*THE INPUT*

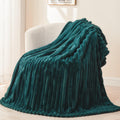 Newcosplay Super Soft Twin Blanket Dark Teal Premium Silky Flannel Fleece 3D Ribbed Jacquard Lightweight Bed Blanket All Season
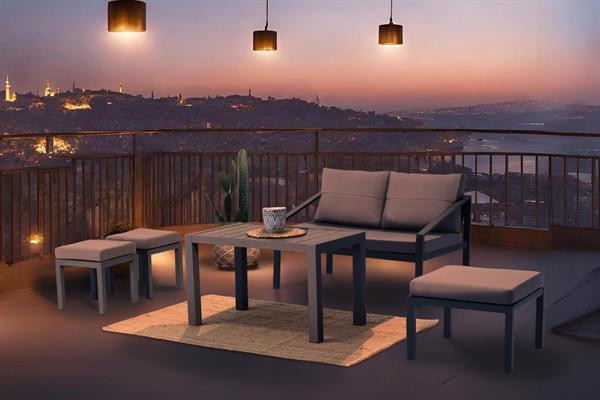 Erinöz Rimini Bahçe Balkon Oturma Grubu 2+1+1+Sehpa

---

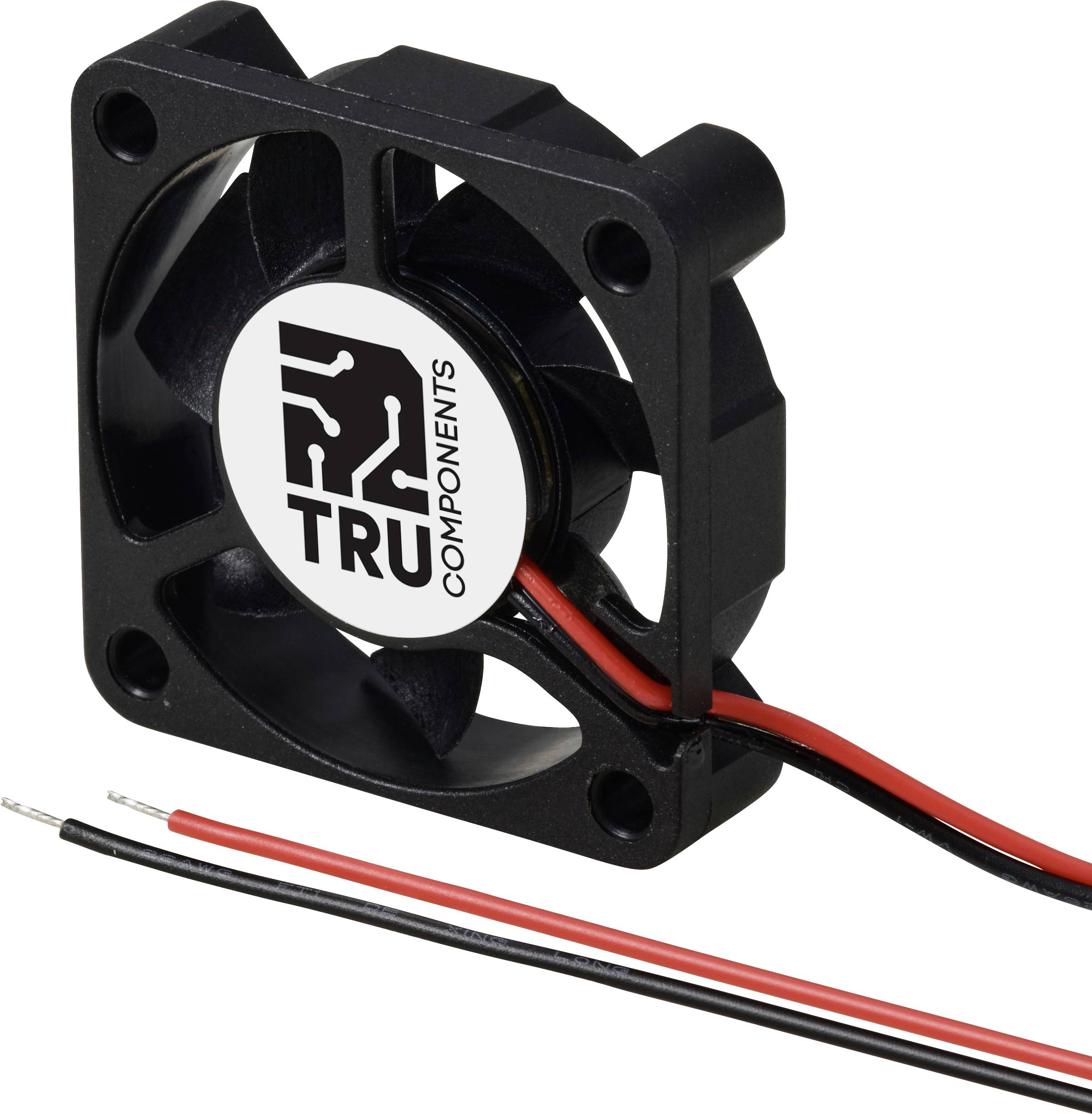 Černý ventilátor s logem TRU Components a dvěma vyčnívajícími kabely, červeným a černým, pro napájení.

--

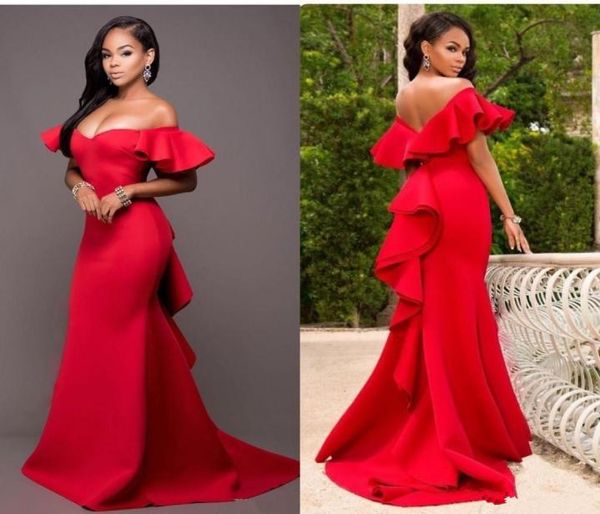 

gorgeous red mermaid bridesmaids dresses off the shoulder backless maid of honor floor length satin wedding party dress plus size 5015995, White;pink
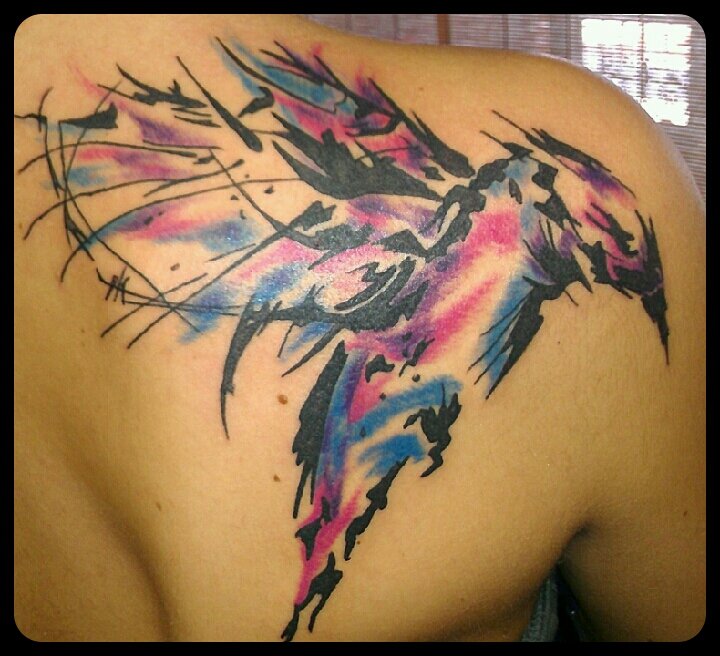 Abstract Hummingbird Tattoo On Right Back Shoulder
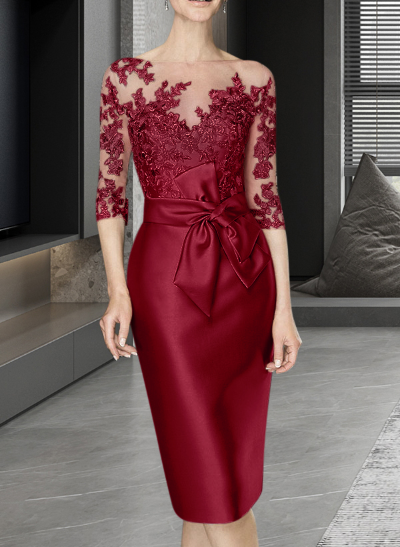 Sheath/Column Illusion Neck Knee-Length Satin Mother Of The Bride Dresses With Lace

*TASK REQUIREMENTS*
In the listing above, find the line holding "Newcosplay Super Soft" and the line holding "Erinöz Rimini Bahçe". Reproduce those two lines and all between them exactly, leaving out pictures.

*RESULT*
 Newcosplay Super Soft Twin Blanket Dark Teal Premium Silky Flannel Fleece 3D Ribbed Jacquard Lightweight Bed Blanket All Season
 Erinöz Rimini Bahçe Balkon Oturma Grubu 2+1+1+Sehpa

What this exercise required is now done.